[[ Task input, beginning ]]

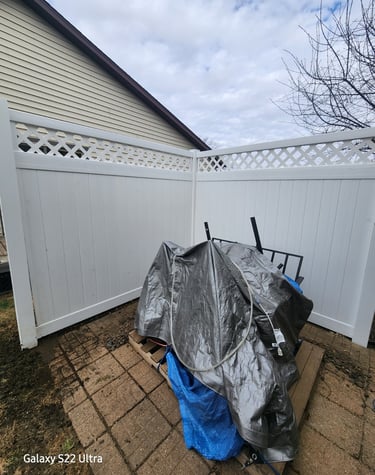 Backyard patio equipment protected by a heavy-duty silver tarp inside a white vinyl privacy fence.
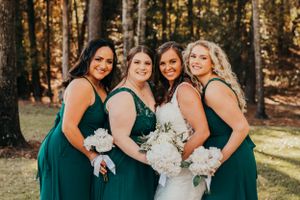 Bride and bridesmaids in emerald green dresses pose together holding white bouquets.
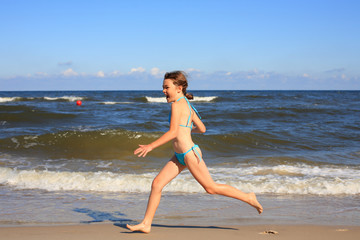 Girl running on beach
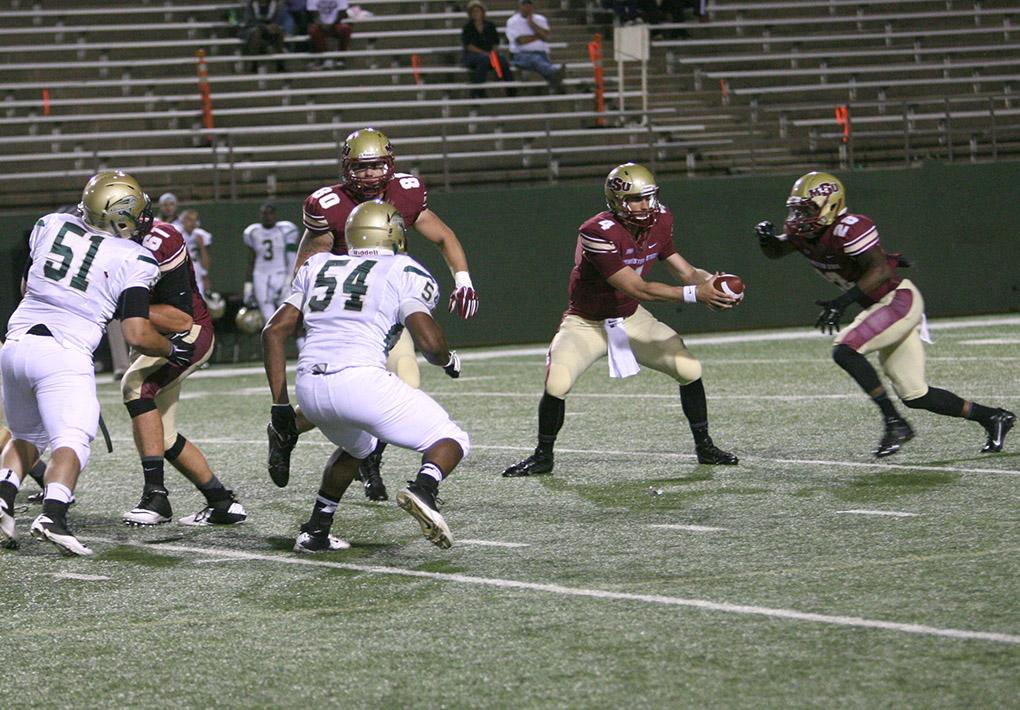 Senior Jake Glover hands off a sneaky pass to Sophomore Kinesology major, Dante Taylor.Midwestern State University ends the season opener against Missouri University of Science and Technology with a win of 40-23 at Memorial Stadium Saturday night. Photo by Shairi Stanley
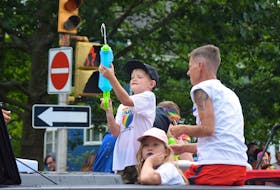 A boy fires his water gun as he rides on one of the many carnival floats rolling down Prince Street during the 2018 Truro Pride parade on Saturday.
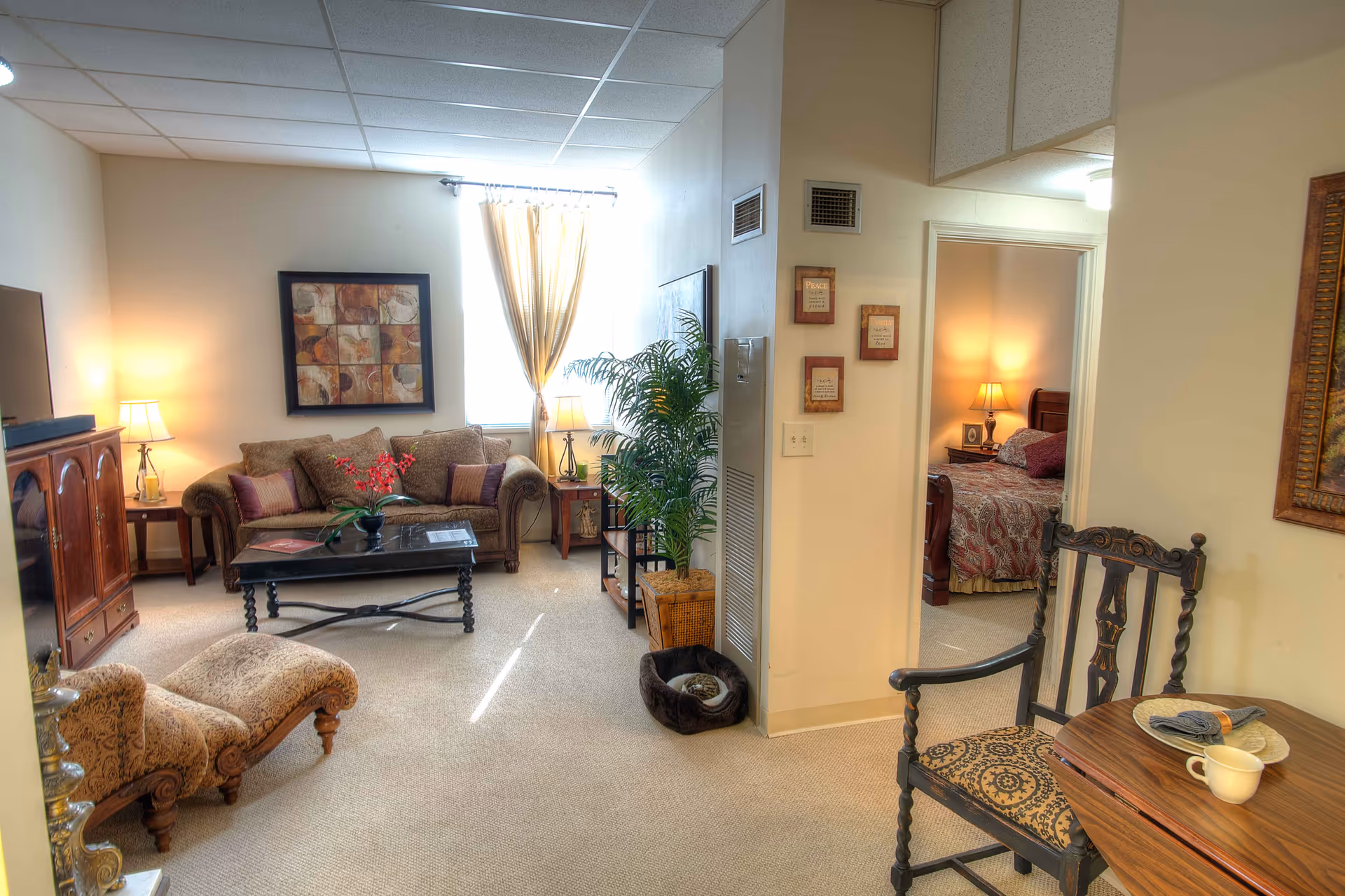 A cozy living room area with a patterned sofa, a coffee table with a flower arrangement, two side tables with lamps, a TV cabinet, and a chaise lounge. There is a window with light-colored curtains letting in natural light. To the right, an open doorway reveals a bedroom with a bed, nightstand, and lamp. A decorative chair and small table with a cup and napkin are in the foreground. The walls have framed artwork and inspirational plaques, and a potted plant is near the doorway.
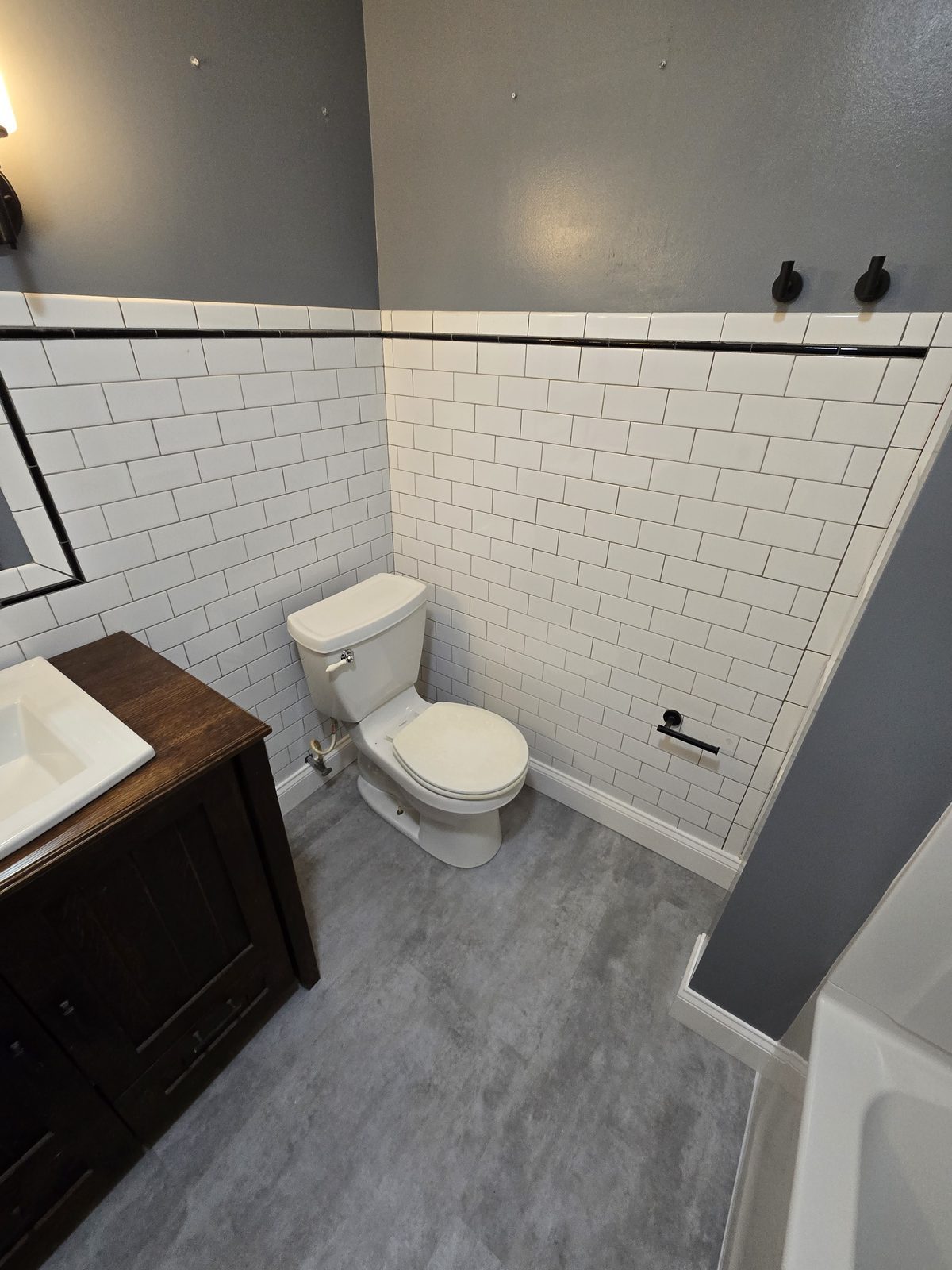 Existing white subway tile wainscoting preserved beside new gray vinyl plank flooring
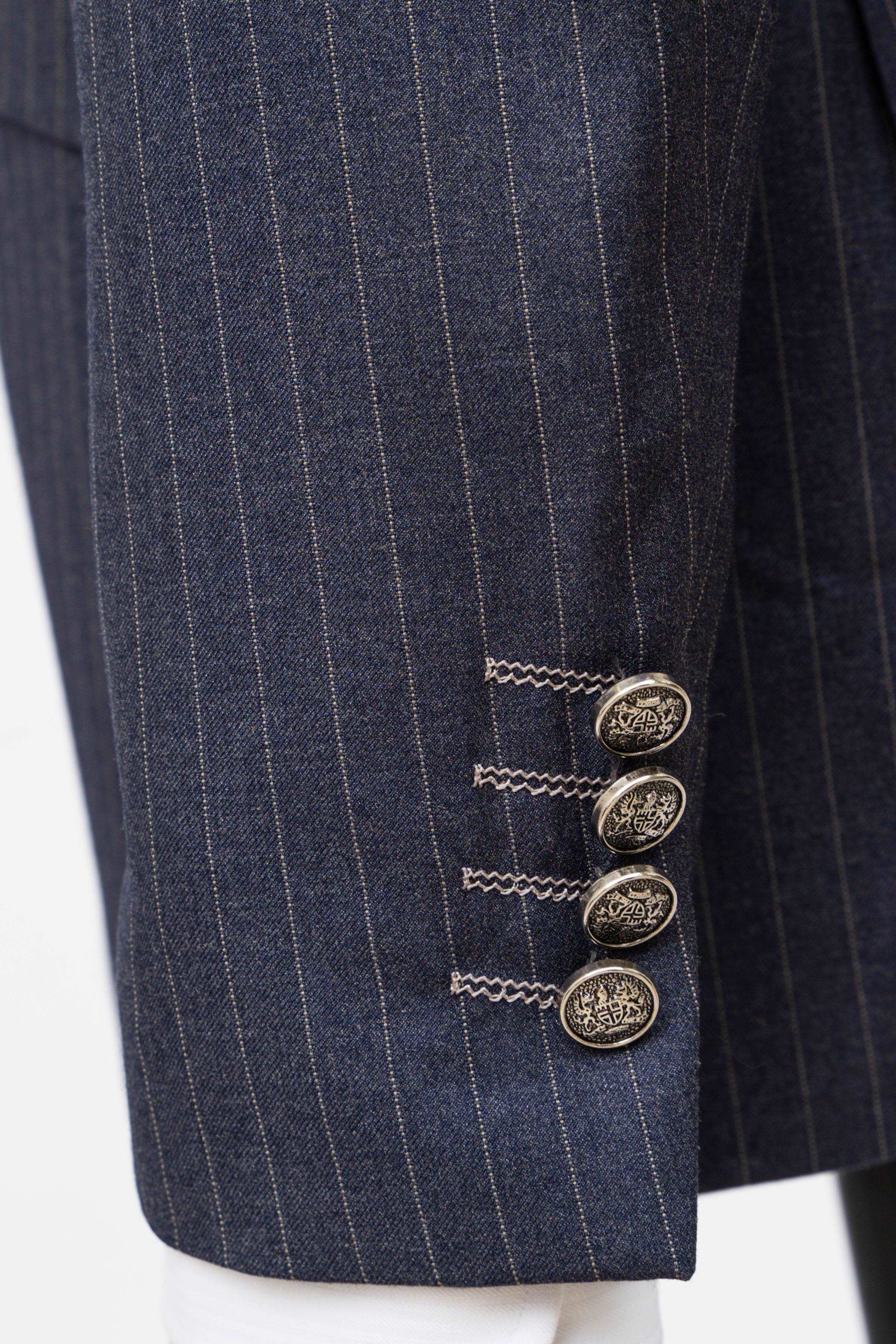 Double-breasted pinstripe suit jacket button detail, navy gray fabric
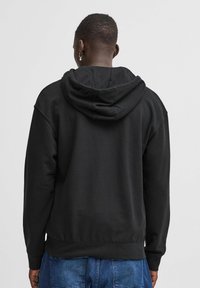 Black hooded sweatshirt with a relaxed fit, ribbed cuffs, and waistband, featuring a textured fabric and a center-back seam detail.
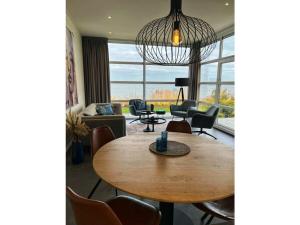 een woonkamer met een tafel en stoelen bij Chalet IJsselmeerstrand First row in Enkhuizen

[[ Task input, end ]]

About this exercise - Apart from the pictures, the whole listing should be reproduced exactly.

Output -
 Backyard patio equipment protected by a heavy-duty silver tarp inside a white vinyl privacy fence.
 Bride and bridesmaids in emerald green dresses pose together holding white bouquets.
 Girl running on beach
 Senior Jake Glover hands off a sneaky pass to Sophomore Kinesology major, Dante Taylor.Midwestern State University ends the season opener against Missouri University of Science and Technology with a win of 40-23 at Memorial Stadium Saturday night. Photo by Shairi Stanley
 A boy fires his water gun as he rides on one of the many carnival floats rolling down Prince Street during the 2018 Truro Pride parade on Saturday.
 A cozy living room area with a patterned sofa, a coffee table with a flower arrangement, two side tables with lamps, a TV cabinet, and a chaise lounge. There is a window with light-colored curtains letting in natural light. To the right, an open doorway reveals a bedroom with a bed, nightstand, and lamp. A decorative chair and small table with a cup and napkin are in the foreground. The walls have framed artwork and inspirational plaques, and a potted plant is near the doorway.
 Existing white subway tile wainscoting preserved beside new gray vinyl plank flooring
 Double-breasted pinstripe suit jacket button detail, navy gray fabric
 Black hooded sweatshirt with a relaxed fit, ribbed cuffs, and waistband, featuring a textured fabric and a center-back seam detail.
 een woonkamer met een tafel en stoelen bij Chalet IJsselmeerstrand First row in Enkhuizen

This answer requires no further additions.